[Given data Boundary: Start]

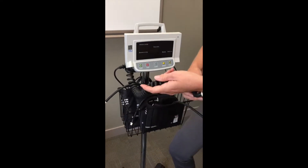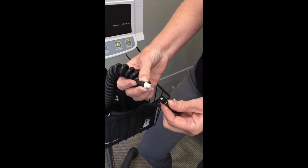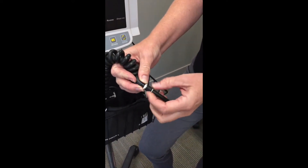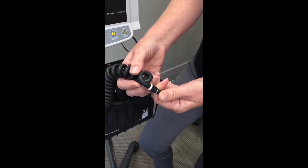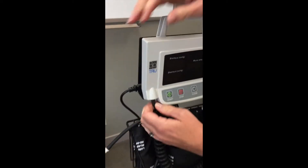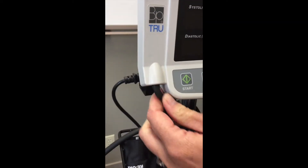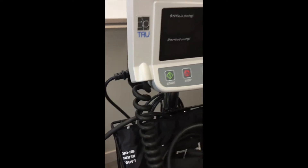The first thing to check is if the cuff is attached correctly to the machine. To do that, just tighten it together, ensure that this is pushed on tight, and also at the top that this is also pushed on very tight to ensure proper airflow.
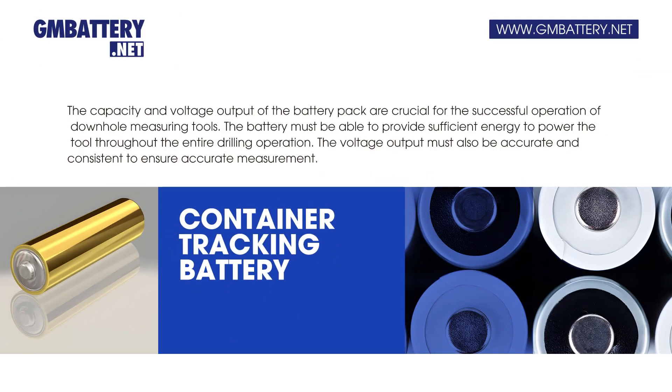The capacity and voltage output of the battery pack are crucial for the successful operation of downhole measuring tools. The battery must be able to provide sufficient energy to power the tool throughout the entire drilling operation. The voltage output must also be accurate and consistent to ensure accurate measurement.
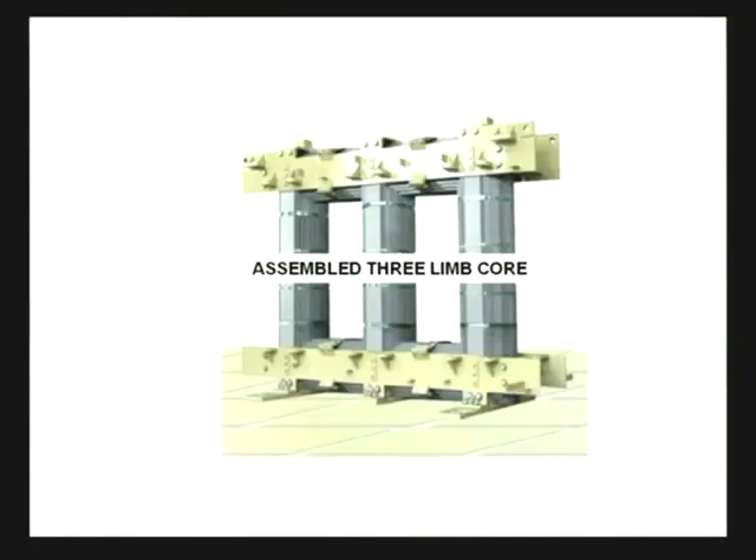Here is a look at the assembled three-limb core. There are several parts to it. The vertical parts are called the core and the horizontal one is called the yoke. As in the case of a single-phase transformer, these are not solid iron bars; they are made up of thin steel laminations. The purpose of the core is similar to that of a single-phase transformer — to provide a low reluctance path for the flux as well as to support the winding and provide mechanical strength.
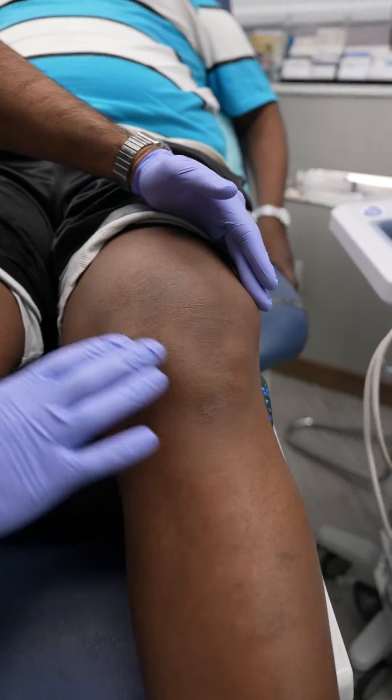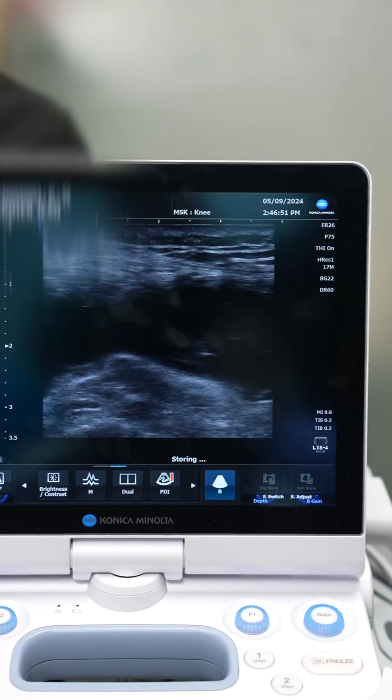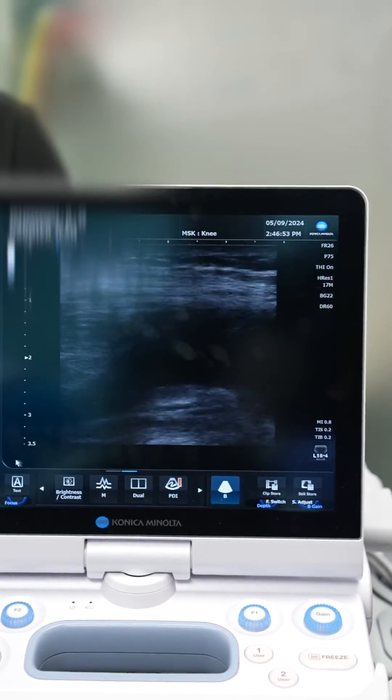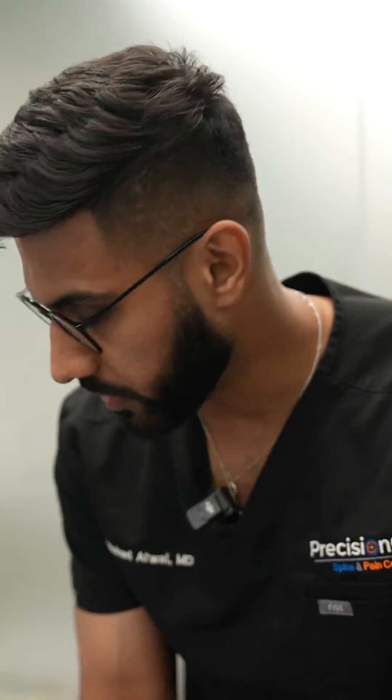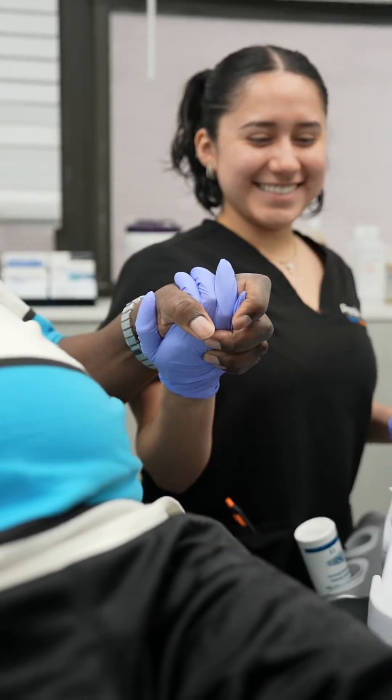Wow, you see all this fluid that's here? A lot of fluid built up — you see all the black that's there? That's all the fluid that's built up. How have you been walking with all this fluid? I don't feel no pain, you know, it's just the stiffness. And I feel a sharp pain when I'm standing up, but I do the best I can.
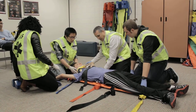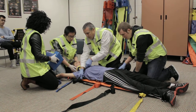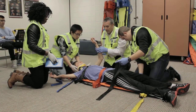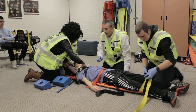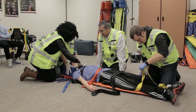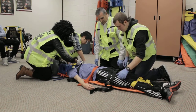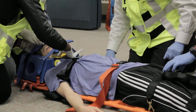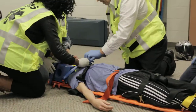We're going to go ahead and secure his chest first, and his torso. You guys can go ahead and secure the head. You're going to hold C-spine on the head. All right, you got it? Yeah. We'll just check the straps and make sure they're tight. Okay, we have him secured onto the board.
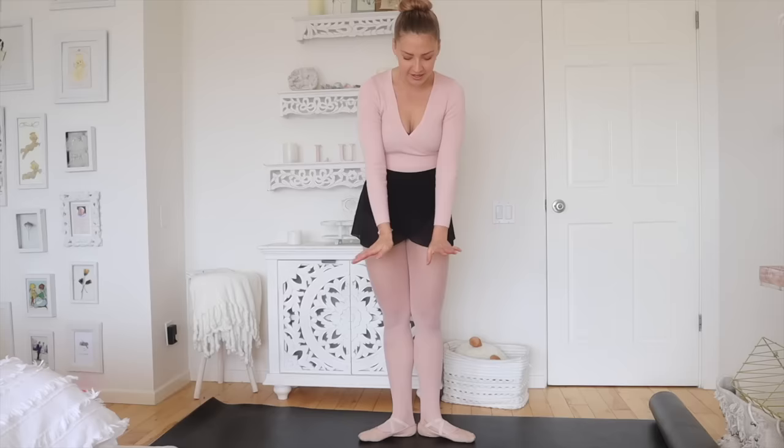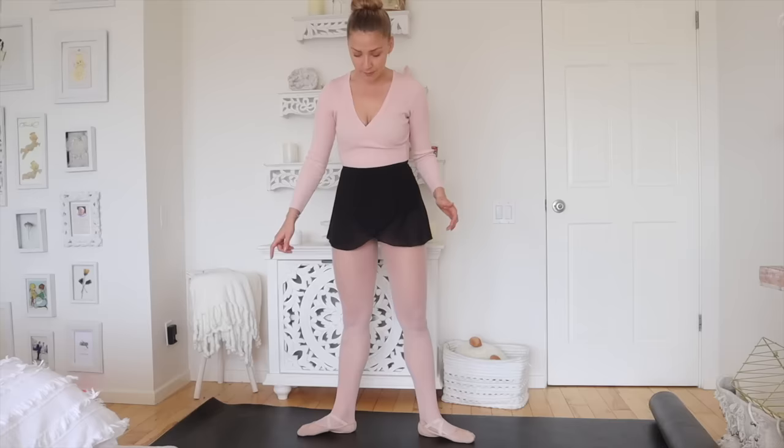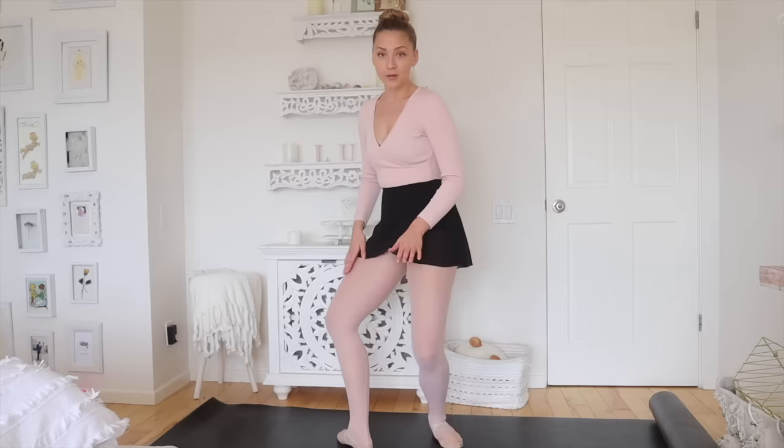In ballet, you have your five basic positions. First position: your heels are touching, legs are super straight, and you open your feet. Second position: you just take that out, and you want it to be a little bit of a space — think about one foot in between. Then you have third position, which we never use as ballet dancers, but it's just like a very open fifth. Then you have fourth position, where your feet are in front of each other — again, one foot's length in between. Fifth position: you take this foot and close it so your heel is touching your other toe, and you're turned out. You use those throughout every single thing you do in dance.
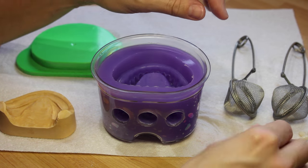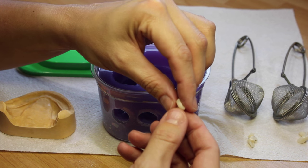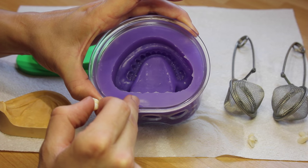This is a good time to roughen the teeth or add holes or channels to provide extra mechanical retention. Then you would need to carefully replace the teeth back in their location.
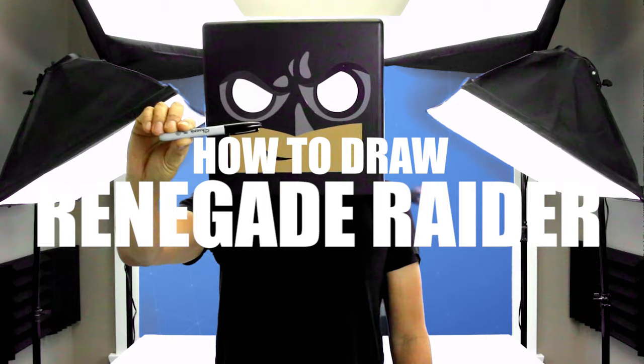What's up everyone and welcome to the club. In today's video I'll be showing you how to draw the Renegade Raider from Fortnite.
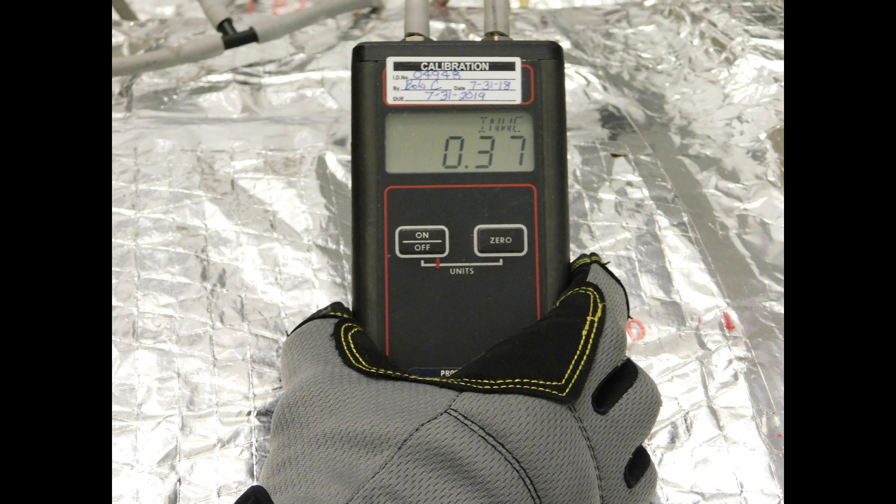Measuring static pressure on a commercial system involves taking two separate readings to ensure proper amount of air return and air outputs are at levels that provide indoor comfort and air quality.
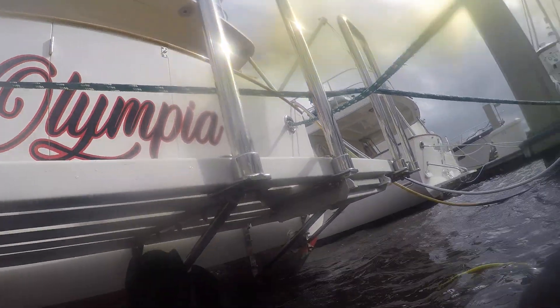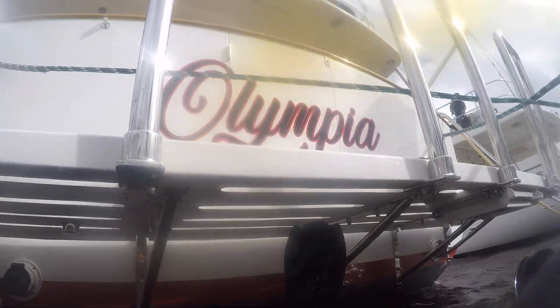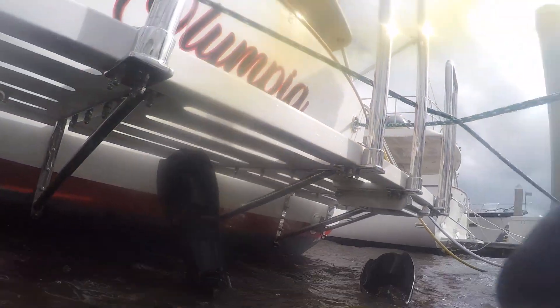We're just inspecting the seals to see what you need. Got a little bit of corrosion on the fittings, so you can take a look. It definitely doesn't need any shaft seals.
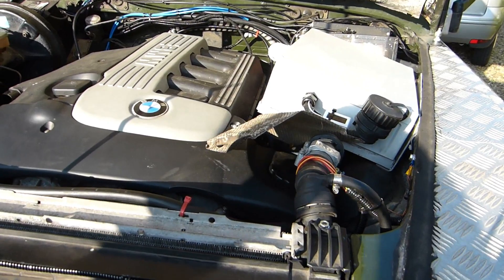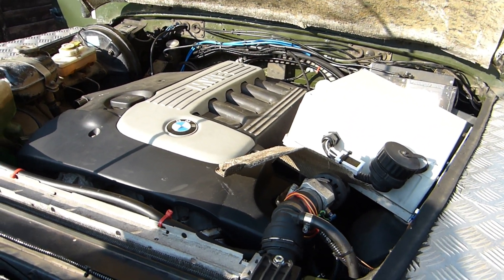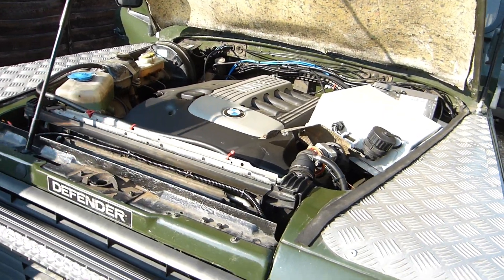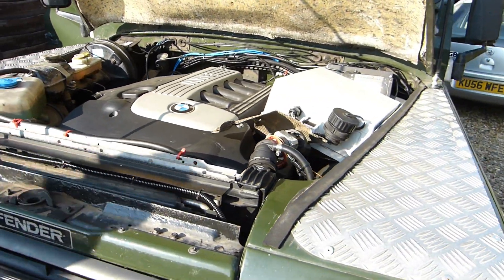We'll start it up and have a little listen and then go for a little drive. It sounds lovely — it's really smooth. I'm definitely converted to six-cylinder engines now; it really is lovely. The exhaust is still a bit of an issue — we've got the TD5 exhaust on here.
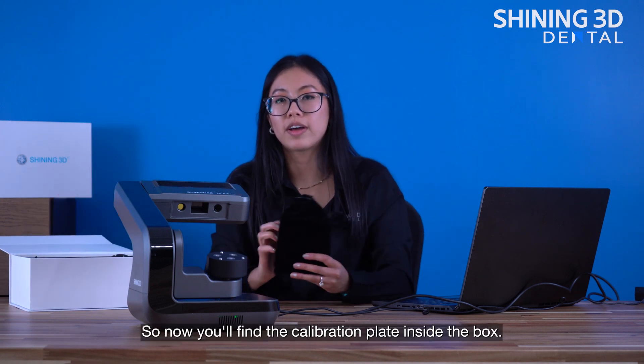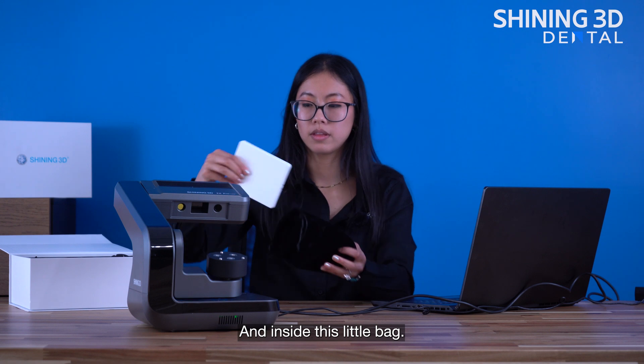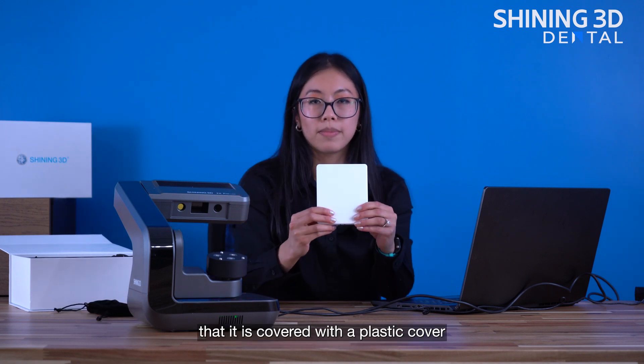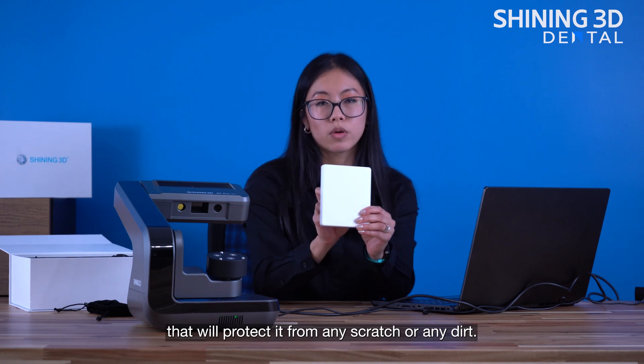Now you'll find the calibration plate inside the box and inside this little bag. You'll notice that it is covered with a plastic cover that will protect it from any scratches or dirt.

[Given data Boundary: End]

-- What to work on --
Print, please, exactly the lines from the one holding "Measuring static pressure" through the final line of the data, both included, while leaving out each picture.

-- The completed task --
Measuring static pressure on a commercial system involves taking two separate readings to ensure proper amount of air return and air outputs are at levels that provide indoor comfort and air quality.
We're just inspecting the seals to see what you need. Got a little bit of corrosion on the fittings, so you can take a look. It definitely doesn't need any shaft seals.
We'll start it up and have a little listen and then go for a little drive. It sounds lovely — it's really smooth. I'm definitely converted to six-cylinder engines now; it really is lovely. The exhaust is still a bit of an issue — we've got the TD5 exhaust on here.
Now you'll find the calibration plate inside the box and inside this little bag. You'll notice that it is covered with a plastic cover that will protect it from any scratches or dirt.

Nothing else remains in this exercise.